@kyanny's blog

My life. Opinions are my own.

Unicode ZERO WIDTH SPACE problem

Today I encountered a problem with XMLRPC call.

An application calls external XMLRPC service via Ruby's xmlrpc/client library. Sometimes server returns error message such as Invalid XMLRPC request "not well-formed (invalid token)". XML document includes various data.

I think that XML document includes any control character. I tried to dump data to text file. I read data by less(1) and found `ESC' and <U+200B>.

(ESC(I00;)

First made&lt;U+200B&gt;
&lt;U+200B&gt;.Lovely meal.

ESC is escape sequence. I opened data by Emacs as US-ASCII encoding, finally I found raw escape sequence, `^['.

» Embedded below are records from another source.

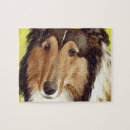 Suche nach collies puzzle Hunde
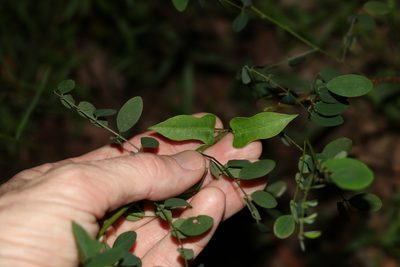 Parsonsia longipetiolata, photographed by Greg Tasney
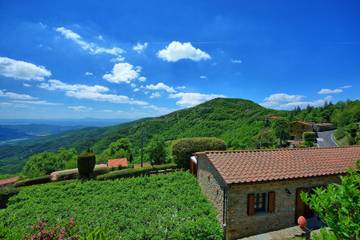 Villa for 4 People in Portole, Arezzo Province, Photo 4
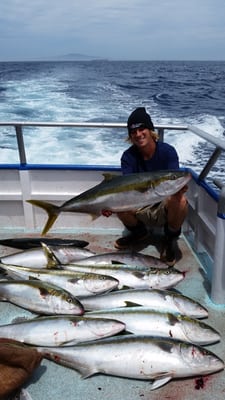 Davey's Locker Whale Watching & Sportfishing by null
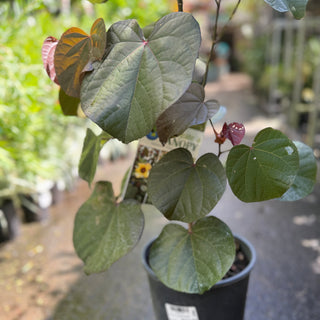 Hibiscus Tiliaceus Rubra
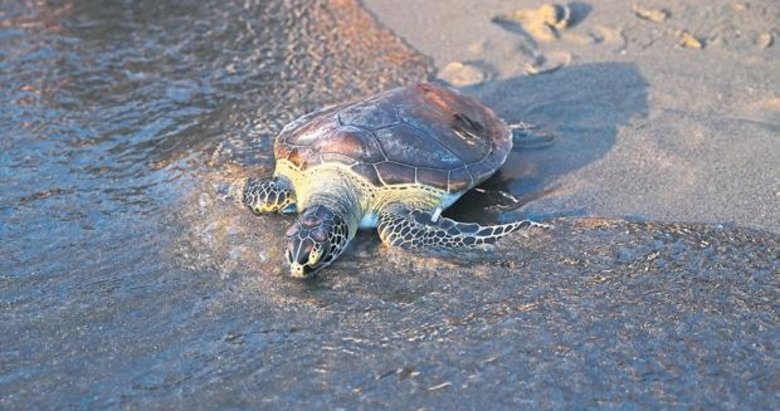 Caretta ‘Cumhuriyet’ denizle buluştu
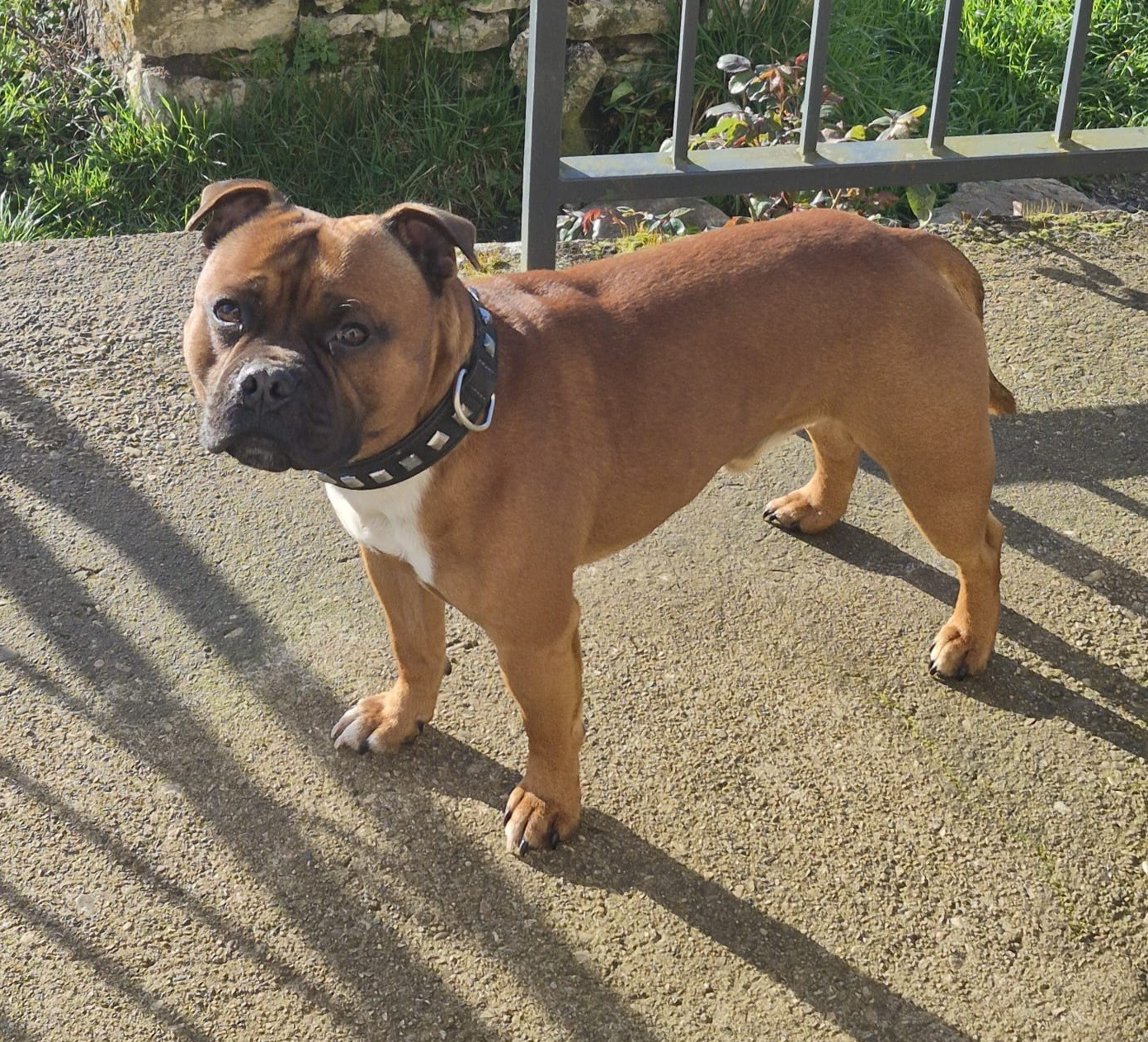 Vickings De La Furia Roja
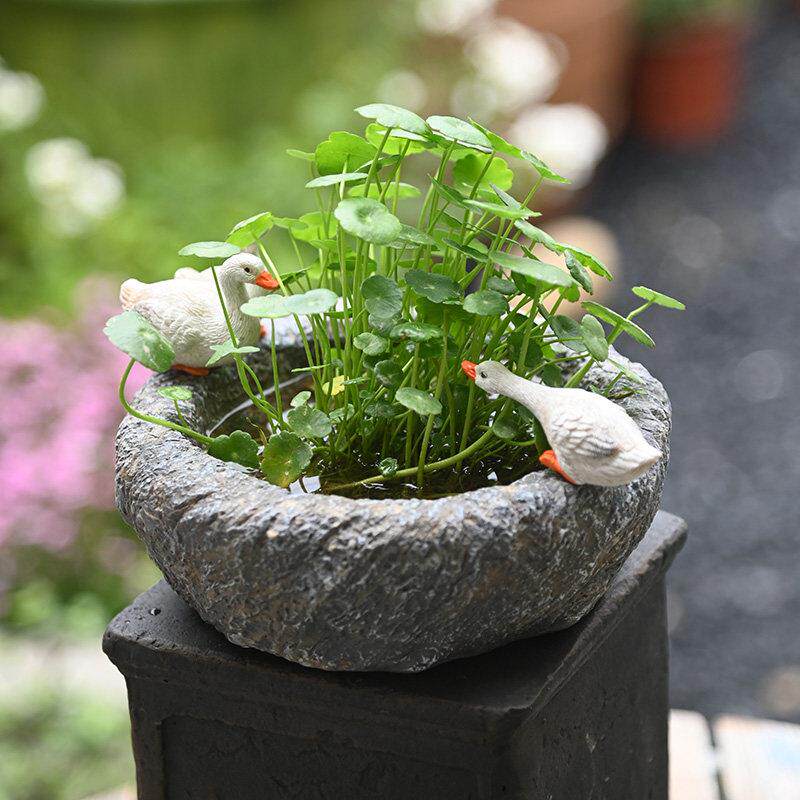 覆古铜钱草花盆石臼鸭子水培花盆碗莲一线 线莲水培盆花园摆件庭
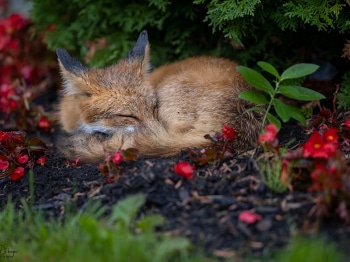 5PH0968-2-Modifier-copie-2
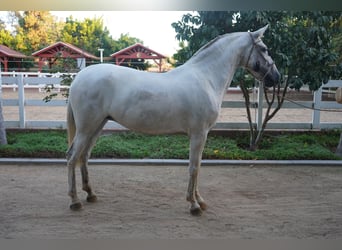 Andalusiër, Merrie, 12 Jaar, 152 cm, Schimmel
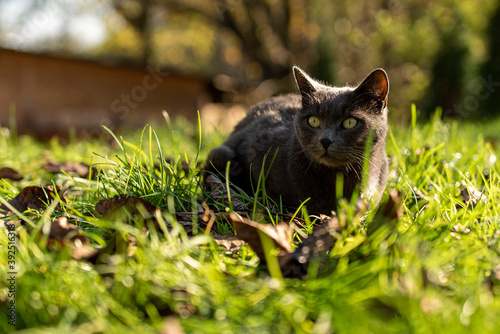 Domestic gray cat resting on the green grass with some autumn tree leaves.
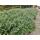 Katzenminze - Nepeta faassenii Walkers Low - pflegeleichte Staude - 9cm Topf - Set mit 40 Pflanzen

<U+200B> is Unicode character that means ZERO WIDTH SPACE. I saw \342\200\212 in Emacs US-ASCII buffer. I'm not good for Unicode, But I can

In ruby world, this code represents ZERO WIDTH SPACE character.

https://gist.github.com/1098835

RUBY_VERSION #=>
zero_width_space = "\xE2\x80\x8B" #=>
zero_width_space #=>
zero_width_space.length #=>
white_space = "" #=>
white_space #=>
white_space.length #=>

Result is here. In Ruby 1.8.7, ZERO WIDTH SPACE is 3 bytes length string. In Ruby 1.9.2, ZERO WIDTH SPACE is 1 byte string.

RUBY_VERSION # => "1.8.7"
zero_width_space = "\xE2\x80\x8B" # => "\342\200\213"
zero_width_space # => "\342\200\213"
zero_width_space.length # => 3
white_space = "" # => ""
white_space # => ""
white_space.length # => 0

RUBY_VERSION # => "1.9.2"
zero_width_space = "\xE2\x80\x8B" # => "&#8203;"
zero_width_space # => "&#8203;"
zero_width_space.length # => 1
white_space = "" # => ""
white_space # => ""
white_space.length # => 0

I chopped these characters by String#sub! and String#gsub!.

string.sub!(/\e/,'')

string.gsub!(/#{zero_width_space}/,'')

It worked well.

id:dayflower gives easy to understand description for ZERO WIDTH SPACE.